Unfortunately, many of these investors have found that these new tools can only take them so far; they’re still committing to GPs who seem to tick all the boxes, but in practice fail to deliver the requisite performance. So inevitably, they’re trying to take their due diligence one step further.
“LPs are looking at [returns] and saying, ‘There’s got to be a better way,’” says one LP source. “Over the next five years, you’re going to see a movement towards this idea of getting more tools in place to better assess the GP.”
Part of the problem is that some of the old truisms on which LPs have traditionally relied when thinking about managers just don’t apply in the same way anymore.
For instance, the long-held idea that staff turnover at private equity firms should be seen as a red flag was called into question last year, when Capital Dynamics and the London Business School released a study analysing the effect of turnover on performance from one fundraising to the next. Its conclusion was that funds in the highest turnover tercile produced a 25 percent net IRR on average, while funds in the lowest turnover tercile had an average net IRR of 11.5 percent.

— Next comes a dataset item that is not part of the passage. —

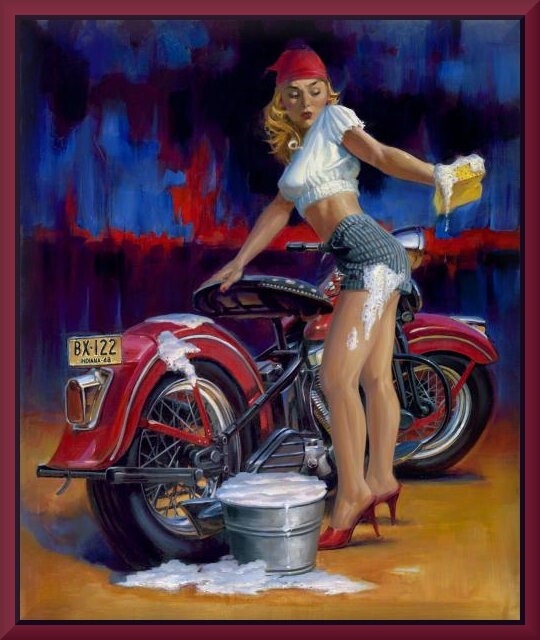 Indian Motorcycle, Sexy Pinup Girl #1, Toolbox - Cabinet Chest Magnet, 42 MIL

The LP agrees that this benchmark is probably no longer valid. “These firms have to start becoming more like meritocracies. With that, you’re going to have more turnover. I think you’re going to see a massive change in that regard.”
But the more significant issue is that even these sophisticated new metrics, for all the added insight they clearly provide, are still not always able to capture that special ingredient that separates the great from the good. There’s something more intangible, too – and that can’t always be captured on a spreadsheet.
One of the biggest challenges in identifying these intangibles is trying to distinguish between the corporate messaging and the reality behind the scenes.
GPs can boast about a firm’s culture of collegiality, relationships between global offices and the strong bond between investment professionals. But it’s incredibly difficult to prove that statements like these are actually true.
“How do you get to that level of truth versus the story you’re hearing?” the LP asks. “I think the smarter LPs are waking up to that.”
One way to address these types of concerns involves doing what is sometimes called a “cultural audit”, where an LP engages a consultant to focus on the internal dynamics at a private equity firm, in addition to conducting the normal analytical processes involved in due diligence.
This might sound excessive – but the more progressive LPs are already thinking in these terms. “They’re starting to ask themselves, ‘What are the intangible qualities that we should be trying to assess and how do we asses them?’” the LP says.
Admittedly, firms with smaller investment teams might not warrant such formal inquiries into their internal practices. “It’s always been part of our normal due diligence to understand the way [GPs] behave and how they interact,” says one North American fund of funds manager who focuses on small and mid-market buyout funds. “We don’t need a formal cultural audit or anything like that to be able to get to know them, [but] I could understand why [LPs] might see a need for a more formalised process.”